Transporters work by breaking down the subject into a matter stream, sending the matter stream from an emitter, and reassembling it on the other end. The TNG Technical Manual steps through an example ship-to-surface beam-down procedure. It also notes that beaming site-to-site (i.e. not starting or ending in the transporter room) consumes twice as much energy as a standard transport, because it's two transports without the reassembly in the middle. It is, however, silent on the matter of pad-to-pad beaming. However, since it's usually done when it's an option, it means that the systems probably interface to share the workload.
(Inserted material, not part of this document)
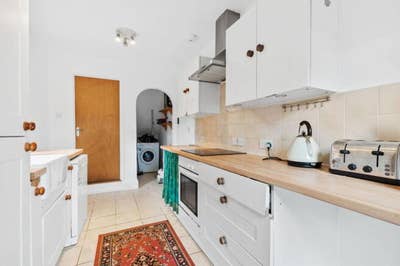 5 Double Rooms- 10mins on train to Canary Wharf Main Photo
Depending on how canon you view the novels, this quote from Star Trek: Worlds in Collision by Judith and Garfield Reeves-Stevens shows that it's for energy saving reasons.
"I know, I know," McCoy complained. "Pad-to-pad transfers use only ten percent of the energy a single-pad beam requires."
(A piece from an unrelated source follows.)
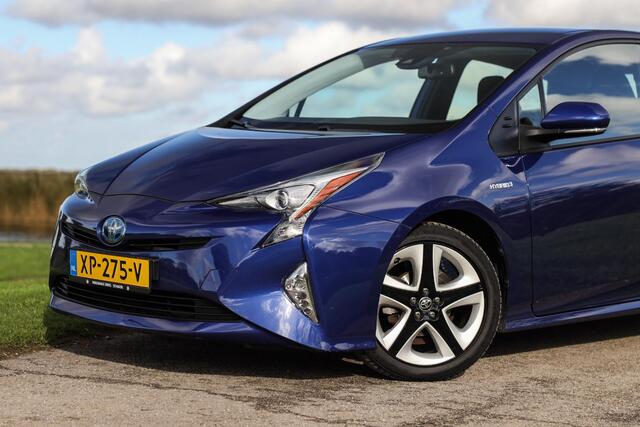 Toyota PRIUS 1.8 Full Hybrid ? LED ? ACC ? Camera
In the scene where Kirk goes to see Decker in Engineering, Decker and the engineers are working on the transporter systems.
Decker: I knew it. The transporter sensor was not activated.
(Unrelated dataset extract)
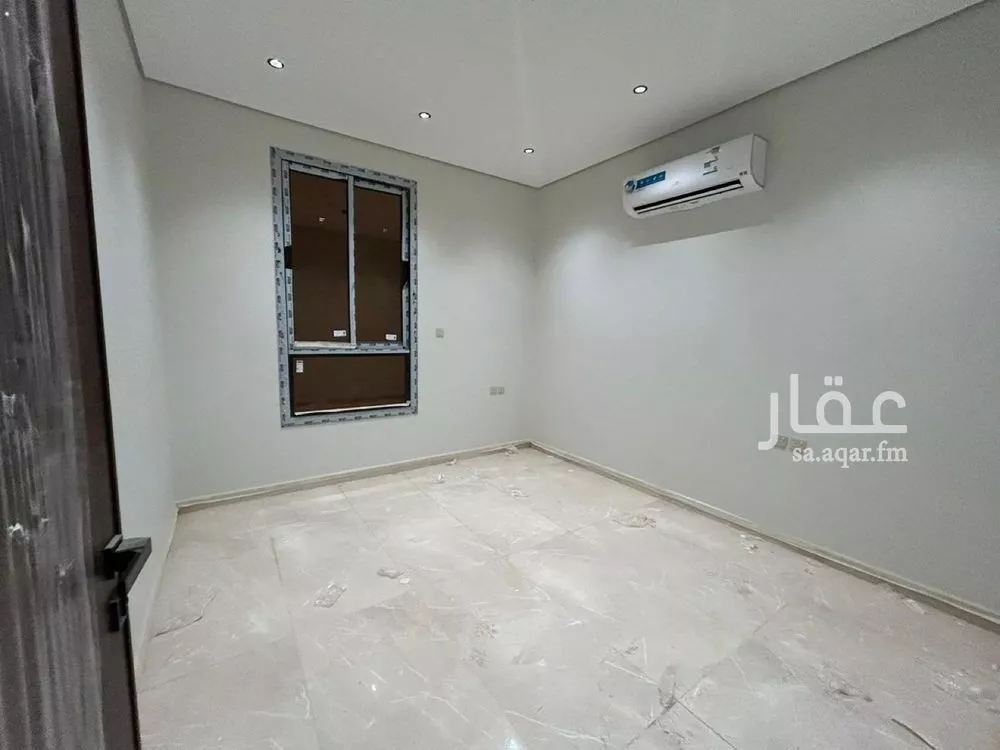672 sqm building in Al Aridh 5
[Other background chatter]
Decker: Faulty module.
Scotty: Cleary, put a new backup sensor into the unit.
There's been plenty of time for troubleshooting at this point, since Kirk and Scotty took a fairly leisurely shuttle ride on over, and Kirk's been wandering around the ship a bit before he goes to Engineering.
Because the Enterprise's transporters are on, even though they're malfunctioning, a pad-to-pad transport from Starfleet to the Enterprise is initiated. So the answer to the first part of your question is that they weren't testing the transporters on the new crew; the transporter was not properly disabled at the time. The circuits blew just before the transport of the new crew began, with disastrous results.
I've never been especially happy with the transporter malfunction part of TMP because it raises exactly these questions and more. Starfleet knew that the Enterprise was having transporter trouble. If the Enterprise crew thought the transporter was fixed and put it back into service before discovering that it wasn't, then the safeguards in place are extremely shoddy for something that's supposed to be incredibly safe. If it wasn't fixed but still in service for some reason anyway, then both the automatic safeguards and the engineering procedures are horrendously flawed.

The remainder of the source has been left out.